DALL·E 2 Explained | OpenAI

🎁Amazon Prime 📖Kindle Unlimited 🎧Audible Plus 🎵Amazon Music Unlimited 🌿iHerb 💰Binance

Video

Transcript

Have you ever seen a polar bear playing bass?

Or a robot painted like a Picasso?

Didn’t think so.

DALL-E 2 is a new AI system from OpenAI that can take simple text descriptions like, “a

koala dunking a basketball” and turn them into photorealistic images that have never

existed before.

DALL-E 2 can also realistically edit and retouch photos.

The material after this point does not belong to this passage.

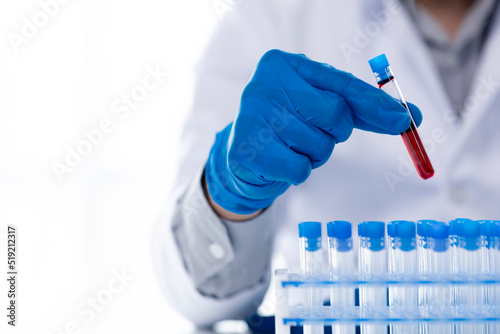 Lab assistant, a medical scientist, a chemistry researcher holds a glass tube through the blood sample, does a chemical experiment and examines a patient's blood sample. Medicine and research concept.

Based on a simple natural language description, it can fill in or replace part of an image

with AI-generated imagery that blends seamlessly with the original.

It’s called “in-painting”.

In January 2021, OpenAI introduced DALL-E, a system that could generate images from text,

like this “Avocado Armchair”.

DALL-E 2 takes the technology even further with higher resolution, greater comprehension,

and new capabilities like in-painting.

It can even start with an image as an input and create variations with different angles

and styles.

DALL-E was created by training a neural network on images and their text descriptions.

Through deep learning, it not only understands individual objects, like koala bears and motorcycles,

but learns from relationships between objects.

And when you ask DALL-E for an image of a koala bear riding a motorcycle, it knows how

to create that or anything else with a relationship to another object or action.

The DALL-E research has three main outcomes:

First, it can help people express themselves visually in ways they may not have been able

to before.

Second, an AI-generated image can tell us a lot about whether the system understands

us, or is just repeating what it has been taught.

Third, DALL-E helps humans understand how advanced AI systems see and understand our

world.

This is a critical part of developing AI that’s useful and safe.

The technology is constantly evolving, and DALL-E 2 has limitations.

If it’s taught with objects that are incorrectly labeled, like a plane labeled “car”, and

a user tries to generate a car, DALL-E may create…a plane.

It’s like talking to a person who learned the wrong word for something.

DALL-E can also be limited by gaps in its training.

For example, if you type “baboon” and DALL-E has learned what a baboon is through

images and accurate labels, it will generate a lot of great baboons.

But if you type “howler monkey” and it hasn’t learned what a howler monkey is, DALL-E

will give you its best idea of what it thinks it could be: like a “howling monkey”.

What’s exciting about the approach used to train DALL-E is that it can take what it learned

from a variety of other labeled images and then apply it to a new image.

Given a picture of a monkey, DALL-E can infer what it would look like doing something it’s

never done before.

Like paying its taxes, while wearing a funny hat.

DALL-E is an example of how imaginative humans and clever systems can work together to make

new things – amplifying our creative potential.